I know that sounds absolutely crazy, but that's the market! Unfortunately, though, areas like this are highly competitive, and I spent 6 months writing offers, getting outbid, losing deals, and otherwise really getting nowhere—until, of course, this place came up. It was priced significantly under market value; the owner was an out-of-area investor who had no idea what it was worth, and the agent didn't specialize in the area either. So, they just kind of threw it up at a price that they thought it was worth.

So, I swooped in and got my offer accepted before anyone else was able to see it. At the time, I estimated it was probably worth about $675,000, and I was able to buy it at almost $100,000 under market value.

Now, it definitely needed a decent amount of work, so I spent another $60,000 fixing up the unit, redoing the roof, redoing all the landscape, and then by the time I was done, I realized, “Wait a second! I could live here, and the rent from the other unit would subsidize my cost!” Not to mention, I'm building equity, and I'd be able to use the garage as a tax write-off if I added that as my office.

So, it became a very easy decision to move in. I was also able to renovate the unit next to me for another $130,000 when the tenant moved out, and by doing so, I was able to get a much higher rent than I could before. So, all in all, this is a property that I was able to buy for $585,000. I spent $210,000 fixing it up over 2 years, and now it's worth about $1,350,000 and rents for about $6,000 a month.

Now, my sixth property was purchased not too much longer after that, in 2018 in mid-city Los Angeles, and you guessed it, it's another duplex that I paid $835,000 for. This is one of those deals that I had no intention of buying! I was not in the market for another property, but I saw it come up, I loved it, I went to see it in person, and immediately I saw that there was so much opportunity.

Now, what really caught my attention was that it was listed as a one-bedroom one-bath when in actuality, it was a one-bedroom plus a room that you could easily convert into another bedroom with the guest bathroom that was adjacent to it.
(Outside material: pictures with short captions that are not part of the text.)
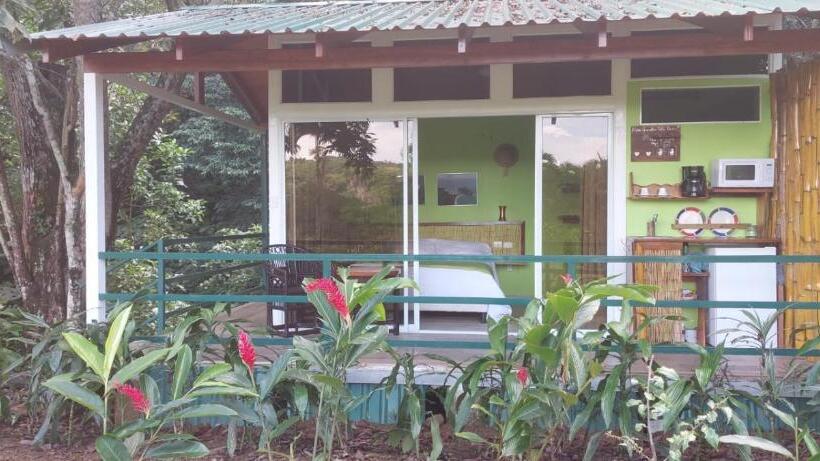 مبيت وإفطار Casita Maripier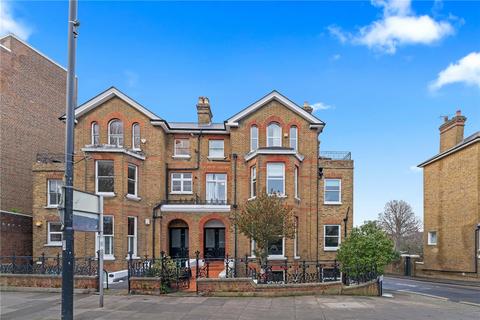 undefined, Sheen Road, Richmond, TW9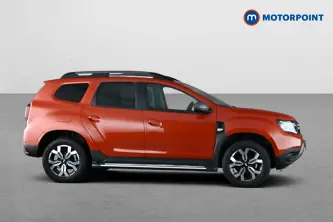 Dacia Duster Journey Manual Petrol SUV - Stock Number (1673520) - Passenger side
So, I could easily get a few hundred extra dollars a month by just calling it a two-bedroom instead because, in a way, it was.

So, I went ahead and wrote an offer at a price that I felt comfortable paying, which was their asking price of $835,000. However, I also estimated that for the right person, they would be willing to pay up to $900,000 because the home was really charming. There was nothing else like it in the area, and it was the only legally zoned duplex on a street full of single-family properties.

Now, unfortunately for me, they ended up getting multiple bids on the property. They ended up accepting an offer that was $900,000, and I thought I missed out. But a few weeks went by, and that buyer ended up canceling because they couldn't get a loan. The seller went to the second-highest offer, which was $875,000, but that person also canceled because they found something else.

So, a month after coming on the market, they came back to me to see if I was still interested, and I was! I offered my same price of $835,000, and after a week or so of going back and forth, eventually, they accepted it. So, as of today, I'm currently getting about $5,200 a month in rent, and it's worth about $1,175,000.

After that, in early 2020, I bought my seventh property, which was—surprise!—another duplex in West Los Angeles, and I paid $2.1 million for it, which was significantly more money than I wanted to spend. See, I spent the majority of 2019 trying to find another deal to buy because, frankly, I was ready for some more space. But it just seemed like there were no more good deals in Los Angeles. Everything was getting bid up; prices got to the point where there was no more upside, and even though I would make a few offers here and there, ultimately, everything ended up selling for a price that I was not willing to pay.

But then after almost a year of searching, this place came up. We decided to see it just for fun, even though it was out of my price range from what I wanted to spend. Immediately, I knew: “This is it!” It was in the perfect location; it was walking distance to the beach, the backyard was incredible, and it had a completely detached second house on the property.

I knew financially I could make it work, but it was way more expensive than I had ever wanted to pay. So, against my rational thinking, I followed my heart and I went for it. Since I was one of the first people to the open house and the very first one to write an offer, I was able to get the price down to $2,096,000.

Now, honestly, as much as I could justify this as a good investment, at the core, it was a really sentimental purchase because this home was located on the same street that I grew up on as a kid. Now, keep in mind, when I grew up there, this neighborhood was not the expensive housing market that you see today. Throughout the late 1990s, my parents were paying $1,500 a month in rent for a two-bedroom, 1,100-square-foot house that would have probably sold for anywhere between $300,000 and $400,000. And keep in mind, at that time, this was a lot of money!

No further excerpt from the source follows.